No fórum, cada convidado expôs um pouco sobre a atuação nas cidades onde trabalham e sobre seus objetos de pesquisa. Integrante do coletivo P.O.I.S (Poesia.Objetos.Imagens.Instalados), Cláudia falou sobre seu doutoramento pela Universidade Federal do Rio Grande do Sul, para o qual levantou artistas e coletivos latino-americanos que intervêm no espaço urbano. Fernanda citou suas pesquisas para o mestrado em História, Teoria e Crítica de Arte, sobre obras de arte concebidas como atos fugazes e alheios aos ditames do mercado, e destacou o GIA (Grupo de Interferência Ambiental), também para a UFRGS.
Sylvia e Samantha, do Ateliê Aberto, apresentaram o trabalho desenvolvido em Campinas, como único espaço de reflexão e produção de arte contemporânea na cidade - que completará dez anos em 2007 -, auto-gestado, e que recebe artistas do Brasil todo com trabalhos experimentais e feitos especialmente para o espaço do Ateliê. Também revelaram um ousado projeto para o ano que vem: o Artistas Resistentes (uma variação de Artistas Residentes, uma prática bastante comum em grandes instituições de arte em capitais do Brasil e do mundo. Samantha observou que é muito bom fazer residência em capitais como São Paulo, Nova York, Paris, mas não se pode dizer o mesmo de Campinas, cidade reconhecida pela falta de políticas culturais sólidas.

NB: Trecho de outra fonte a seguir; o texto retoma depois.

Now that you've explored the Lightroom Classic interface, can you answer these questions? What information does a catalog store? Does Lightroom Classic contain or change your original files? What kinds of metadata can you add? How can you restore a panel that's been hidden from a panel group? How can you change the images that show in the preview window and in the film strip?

Nadam falou da Chave Mestra - Associação dos Artistas Visuais de Santa Teresa, formalizada em 2003 e surgida das primeiras edições do projeto Arte de Portas Abertas - realizado desde 1996, quando promove a abertura dos ateliês de arte de Santa Teresa ao público em geral. Ele defendeu a necessidade da associação para viabilizar novos projetos e dar suporte ao artista visual e entrou em uma pequena celeuma com as coordenadoras do Ateliê Aberto, que revelaram uma postura de desconfiança diante de iniciativas que visam a institucionalização do trabalho do artista, o que, para elas, seria o mesmo que se acomodar.
No final do encontro de sábado, ficaram perguntas como: o que aconteceu com o poder de articulação do CORO (Coletivos em Rede e Ocupações)? O que explicaria uma audiência tão pequena para um encontro destinado aos coletivos de arte de todo o Brasil, assunto tão em voga nas rodas de artistas independentes?

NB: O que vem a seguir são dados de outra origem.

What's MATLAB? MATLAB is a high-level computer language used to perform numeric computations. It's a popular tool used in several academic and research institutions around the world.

Carlota Cafiero, jornalista, Campinas - SP
Paciência, não se pode agradar todo mundo...
Posted by: Ricardo Rosas at novembro 9, 2006 11:47 AMRicardo, eu não estava lá (no Reverberações) para ser agradada, mas sim, desafiada e estimulada a conhecer e a pensar sobre os coletivos de arte e outros assuntos que rondam o tema. Não foi o que aconteceu, talvez não somente por sua responsabilidade, mas da forma com que o encontro foi organizado (acho q faltou divulgação, por exemplo). Quero enfatizar que não tenho nada de pessoal contra vc (nem o conheço), mas critiquei a forma com que vc expôs suas idéias. É muito chato me deslocar de Campinas para assistir a um palestrante que lê o próprio texto em vez de encarar a platéia e arriscar a dizer as coisas que sabe e pelas quais, penso eu, deva ser apaixonado. Ser criticado, em público, faz parte do seu trabalho e posição. Eu também recebo críticas de meus leitores. Às vezes, com razão, e tenho de reconhecê-los, afinal, eles ficam impressos no papel.